Para mi sorpresa, las puertas del transporte no se cerraron tras mi subida como de costumbre si no que, cuando estaban a punto de hacerlo, alguien presionó el brillante botón del exterior del vehículo, impidiéndolo. Una única persona se subió esta vez, no fue, sin embargo, la palabra ''persona'' la que se cruzó por mi cabeza al ver a aquel pobre individuo. Una camiseta XXL no daba abasto para sostener los pliegues de grasa que abultaban la maltrecha prenda, la cara, de forma más redonda que ovalada, se veía trastornada aquí y allá por rollitos de grasa, desde la pronunciada papada hasta los pliegues que se hacían en su nuca. El hombre sudaba al caminar hacia los asientos pese al frío que maltrataba mis huesos debajo de la chaqueta de cuero y las grandes gotas de sudor que emanaban de sus dilatados poros mojaban su camiseta en las zonas de las axilas y la enorme espalda, como si una tenue llovizna lo bañara. El exuberante hombre caminó hasta unos asientos para cuatro personas, sacudiendo su enorme y grasiento trasero con cada paso que daba. Al llegar, ocupó dos asientos y la mitad de un tercero dejándose caer en ellos, exhausto. Pese al sueño que lidiaba con mis párpados y los forzaba a cerrarse, no pude apartar la mirada de aquél tipo y, aun sintiéndome un idiota, su mera presencia me asqueaba. Al cabo de observarlo unos instantes, un repentino movimiento de su brazo me sorprendió. Abrió una pequeña riñonera que llevaba a modo de cinturón y sacó de dentro dos paquetes parcialmente aplastados.

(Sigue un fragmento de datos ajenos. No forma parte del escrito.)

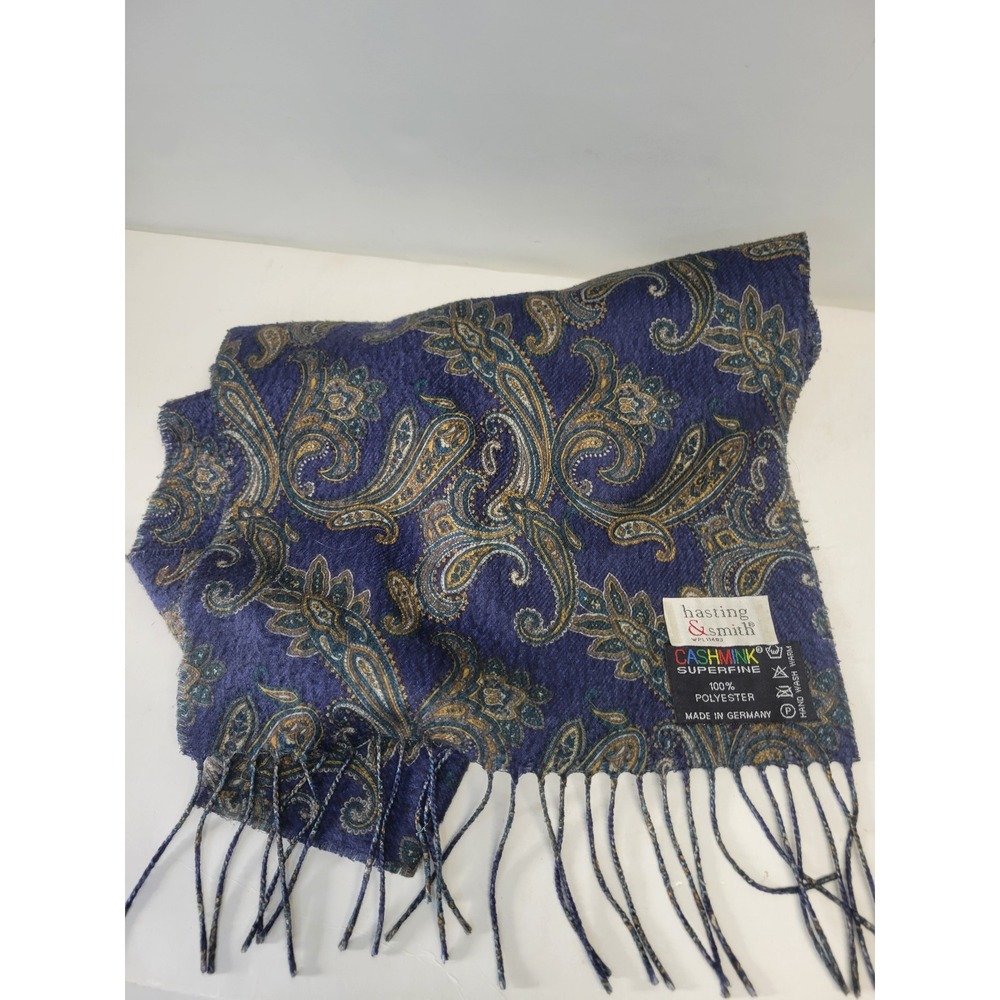 Vtg Hastings & Smith Cashmink Paisley‎ Scarf Fringe Made in Germany 11x52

Sus dedos, gordos y del tamaño de morcillas abrieron los paquetes y sacaron temblorosamente dos grandes hamburguesas de dentro. No me lo pude creer. ¡Eran las dos y media de la madrugada! Mientras reflexionaba si aquello sería la cena o el desayuno de aquella imponente mole, esta profirió un enorme y hambriento bocado a una de las hamburguesas y la masticó rápidamente, con ansia. Al masticar una cantidad de comida que ni siquiera en aquella enorme boca cabía, un poco de esta se cayó de si, manchando de grasa industrial su papada y gran parte de la camiseta. Mi asco no fue a menor al ver cómo aquel tipo recogía con la mano que le quedaba libre aquel trozo de comida masticada, pasaba un dedo por la mancha de la papada y se lo metía en la boca. Un escalofrío de repulsión recorrió mi cuerpo y me obligué a cerrar los ojos.

Procuré no abrirlos hasta escuchar cómo se bajaba aquel gigantesco individuo, dos paradas más allá. Al abrirlos descubrí, para mi sorpresa, que otras dos personas se habían subido al vehículo sin yo repararlo. Una de ellas, un fornido hombre extranjero, viajaba de pie cerca de la puerta del Straßenbahn, vestido con unos pantalones tejanos y una camiseta de tirantes de la cual salían dos musculosos y exuberantes brazos. El tipo llevaba puestos unos cascos en la cabeza y se dedicaba a mover los bíceps al compás de la música, con la mirada perdida. Soberbio. Aparté la mirada de aquel hombre y me fijé en el segundo pasajero, sentado en un asiento a unos pocos metros del primero. Si el primer hombre era la definición del típico estereotipo de ''chulo de gimnasio'', la descripción del segundo venía a ser, básicamente, todo lo contrario. Era un joven menudo, de apenas metro setenta de estatura y complexión débil. La boina que llevaba puesta en la cabeza no disimulaba a todo aquel que lo mirase su prematura alopecia, frustrando sus ansiosos intentos por ocultarla. Este joven observaba con sus oscuros ojos la fornida figura del primer pasajero y su abundante cabellera rubia, la cual llevaba pulcramente peinada. Ni siquiera al más despistado de los observadores se le hubiese pasado por alto la gran envidia que los ojos del joven alopécico denotaban. Con esta extraña imagen en la cabeza, aparté la mirada de aquellos hombres tan opuestos y me limité a perderla en la impenetrable oscuridad que la ventana del Straßenbahn me mostraba.